Modern networking in Swift

I’ve got a confession to make: Making networking layers has always been an exciting topic for me. Since the first days of iOS programming, in early 2007, each new project represented a fresh opportunity to refine or even break the entire approach I have used so far. My last attempt to write something on this topic is dated 2017, and I considered it a milestone after the switch to Swift language.

It’s been a long time since then; the language evolved like the system frameworks, and recently, with the introduction of the new Swift’s Concurrency Model, I decided to take a further step forward and update my approach to networking layers.
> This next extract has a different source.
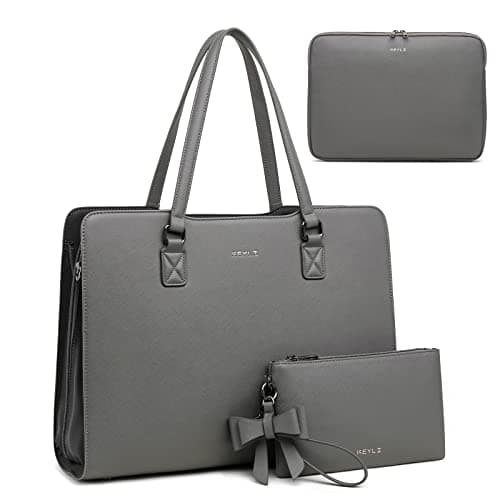 Keyli Laptop Bag for Women 15.6 inch Waterproof Leather Laptop Tote Bag Christmas Gift classy Professional Office Work Briefcase Computer Bags Stylish Laptop Sleeve Purse Shoulder Bag 3pcs Sets Grey - Image 1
This new version went through a radical redesign that allows you to write a request in just a single line of code:

let todo = try await HTTPRequest("").fetch(Todo.self)
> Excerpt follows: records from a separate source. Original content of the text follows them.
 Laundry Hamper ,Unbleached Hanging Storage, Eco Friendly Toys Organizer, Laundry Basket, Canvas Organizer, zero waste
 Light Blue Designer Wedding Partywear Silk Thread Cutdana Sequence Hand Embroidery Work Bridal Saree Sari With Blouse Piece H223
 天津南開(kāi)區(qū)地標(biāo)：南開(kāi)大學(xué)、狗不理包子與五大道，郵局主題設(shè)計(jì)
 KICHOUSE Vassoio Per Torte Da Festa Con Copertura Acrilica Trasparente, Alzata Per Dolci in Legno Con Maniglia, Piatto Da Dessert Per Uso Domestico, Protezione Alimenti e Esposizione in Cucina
At this time, you may be thinking: why should I make my client instead of relying on Alamofire? You’re right. A new implementation is inevitably immature and a source of issues for a certain amount of time. Despite all, you have the opportunity to create a fine-tuned integration with your software and avoid third-party dependencies. Moreover, you can take advantage of the new Apple technologies like URLSession, Codable, Async/Await & Actors.
You can find the code on GitHub; the project is called RealHTTP.

The Client

Let’s start by defining a type for representing a client. A client (formerly HTTPClient) is a structure that comes with cookies, headers, security options, validator rules, timeout, and all other shared settings you may have in common between a group of requests. When you run a request in a client, all these properties are automatically from the client unless you customize it in a single request.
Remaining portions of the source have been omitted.